Another column in an occasional series on the future of housing.
Realtor Kathy Samson knew exactly how a parcel of 6.3 acres in the northwest suburban community of Rogers should get developed.
The buyer Samson had in mind is a builder of one-floor townhouses on concrete slabs that were perfect for retirees, veterans and others who really wanted to avoid stairs and live on just one level. These places could be thought of as affordable only by the thinnest of margins, at about $250,000 per unit.
There are some wetlands and other limitations, but the site could possibly hold 18 units. One problem was the lack of sewer service. The closest connection was a couple of parcels away, but in addition to bearing the cost of sewer lines, the development would get hit with a city fee to connect.
The fee alone was $15,000 per unit, Samson said. And with that, her idea of simple and affordable single-level townhouses died.
What Samson, an agent with Better Homes and Gardens Real Estate All Seasons, experienced is nothing out of the ordinary. It can cost a lot to meet the requirements of cities when building a new house.
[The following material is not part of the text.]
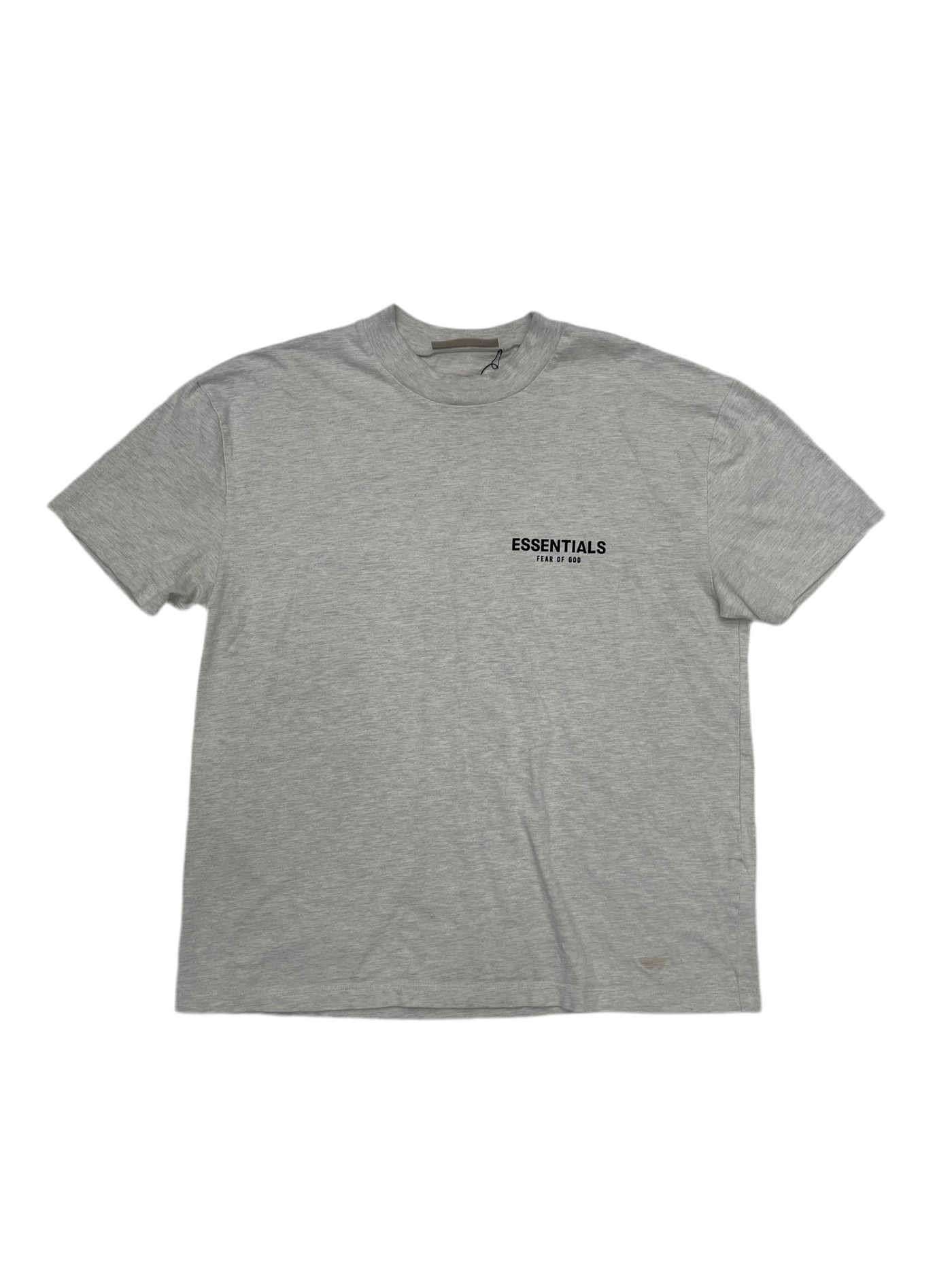 Essentials Short Sleeve Tee Light Oatmeal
It's a big issue to the local builders' association. While trade groups are rarely fans of fees and regulations, this group argues that excessive costs for things that have nothing to do with providing a safe and energy-efficient house push new housing out of reach of moderate-income people.
What's interesting is that the trade group's complaint is not about any one idea, but the total. If one city requirement by itself can't make a new house too costly, a dozen sure can.
"The market is there for $200,000, $250,000 or $300,000 homes, just obviously there," said David Siegel, executive director of a trade group now called BATC-Housing First Minnesota. "It's extraordinarily difficult to build that affordable product and put it into the market."
Siegel called one idea the group is kicking around the affordability impact statement, one piece of paper with all the information for prospective homeowners to see how much it costs in fees and regulatory compliance when building new housing. Of course, that number varies depending on where the new project is going.
Siegel described a builder recently getting a new house underway in Hayward, Wis., where the permits cost $3,500. Similar projects for this builder in the east metro suburbs could generate fees of up to $20,000.
"And what we can't exactly tell you is why," Siegel said. "Where is that $16,000 going?"
Siegel doesn't question many of the policy goals of the people running the region's cities and towns, just their awareness of total costs. As an example of how it adds up, he described new design standards recently debated in Dayton, the community next door to Rogers.
Dayton is growing, with 189 single-family permits issued last year. That's when it considered upgrading its design standards. And each of the ideas contained in a summary from May 2017 seemed like nice things to have.
Requiring a minimum depth of 24 feet for a garage meant ensuring that homeowners had space to keep all their junk stored inside and not leave something like an old snowblower rusting out where the neighbors had to look at it.
A 16-foot concrete apron extending from the garage door makes the driveway and whole property look better. Brick and natural stone on the front of the house look a lot better than vinyl siding, while requiring dormers, gables or other design features makes a single-story house look taller and more elegant.
The memo went on to list the builders' response to some of these ideas. Just the proposal to get rid of vinyl siding, the builders complained, would drive up the cost by at least $5,000 and maybe more than $15,000.
"There's no health benefit here, there's no energy benefit here. It's an aesthetic approach," Siegel said. "And of course that's not really providing market [rate] housing, because you're restricting the market."
Many of these ideas didn't get adopted, he explained, but regulations that cost money are not just coming from city officials. A case in point is the new state building code.
One relatively new rule is called fall protection, which includes limiting the opening of an upstairs window to only enough to squeeze out a 4-inch ball. Even a toddler's head won't fit through an opening that small, meaning nobody can fall out.
"We don't have folks falling out of second-story windows in single-family homes," Siegel said. "So that's maybe $750 to $1,500, depending on how many windows. But when you tack it on with other things, that's how you get expensive."
Back in Rogers, a quick call to City Hall drew a reasonable-sounding explanation for why it costs money for new houses to hook up to utilities. Each one of those 18 new households on that 6-acre site add to the burden on the overall system. It even seems possible that costly capacity additions would be required up the line as more users get added.
One problem in considering reasonable-sounding costs like sewer hookup fees is that it's not easy to determine what's fair. But it's worth remembering just how easy it is to end up with a house that's financially out of the reach of families earning no better than the median income. To be affordable for a family of four that earns about 80 percent of the area's median household income of $94,300 means spending no more than $234,500 on a house.
Samson has that 6-acre parcel listed for sale in Rogers again, at a price of $279,900. Asked if it's being pitched as land for single-family housing, she replied "a single family." That is, it's now being pitched as a lot for just one new house, tapping into the well on the property.
At that price just for the land, that new home wouldn't be affordable even if the new owner chose to live in a Coleman four-person camp tent bought on sale from Walmart.